The legislators want a briefing by Dec. 6 on the project, including how the data is being used and shared, who at Google/Alphabet has access to it, the extent to which patients were informed about the use of their data, and how the companies are protecting privacy
“While we appreciate your efforts to provide the public with further information about Project Nightingale, this initiative raises serious privacy concerns,” they wrote to the companies. For example, longstanding questions related to Google’s commitment to protecting the privacy of its own users’ data raise serious concerns about whether Google can be a good steward of patients’ personal health information.

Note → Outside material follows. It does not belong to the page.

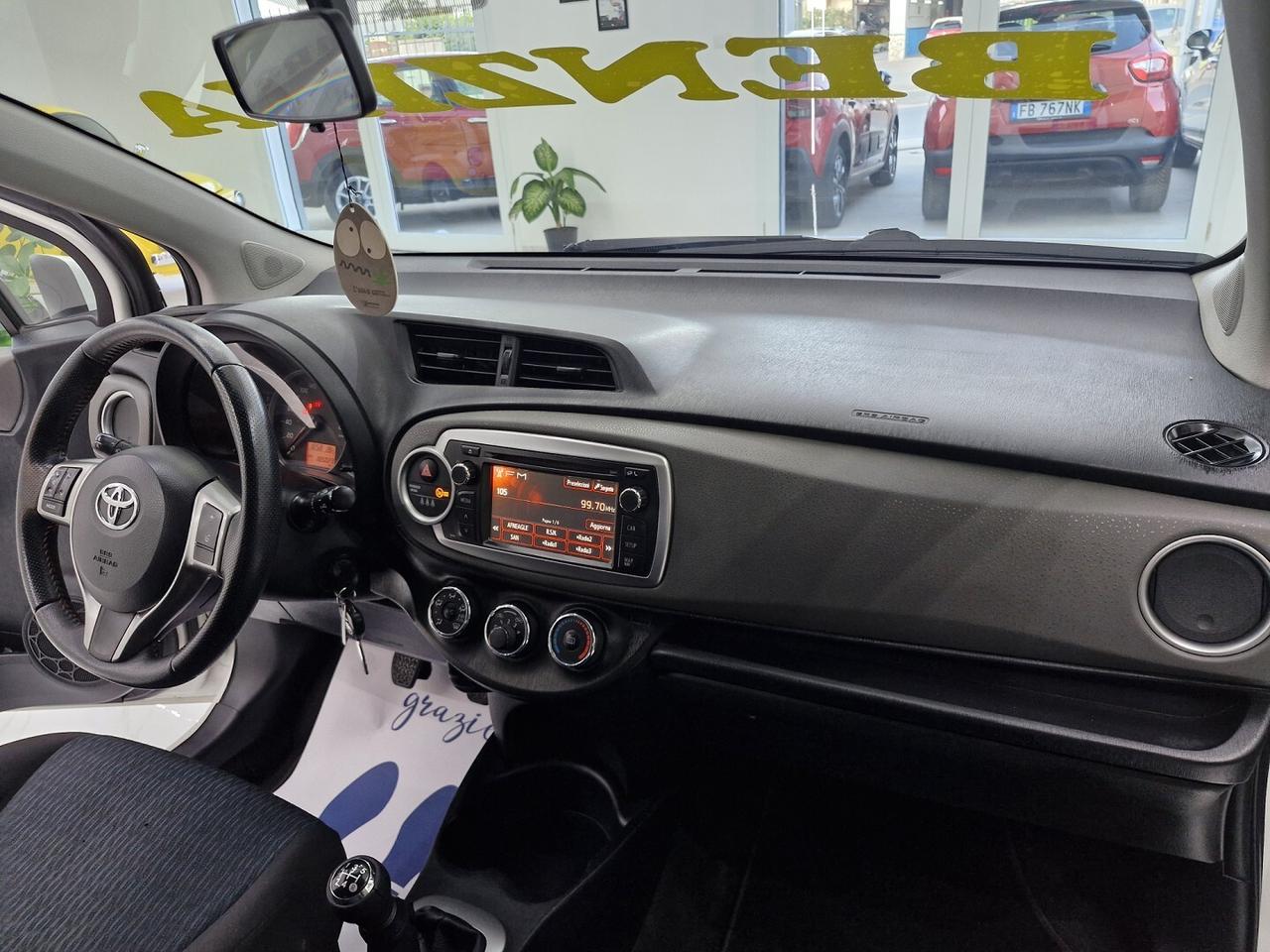 TOYOTA YARIS 1.0 BENZINA 69CV X NEOPATENTATI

"Additionally," they said, "despite the sensitivity of the information collected through Project Nightingale, reports indicate that employees across Google, including at its parent company Alphabet, have access to, and the ability to download, the personal health information of Ascension’s patients. Concerns have also been justifiably raised about Ascension’s decision not to notify its patients that their information would be shared with Google or how their information would be used."
Signing on to the letter were Energy & Commerce Committee Chairman Frank Pallone, Jr. (D-N.J.), Health Subcommittee Chairwoman Anna G. Eshoo (D-Calif.), Oversight and Investigations Subcommittee Chair Diana DeGette (D-Colo.), and Consumer Protection and Commerce Subcommittee Chair Jan Schakowsky (D-Ill.).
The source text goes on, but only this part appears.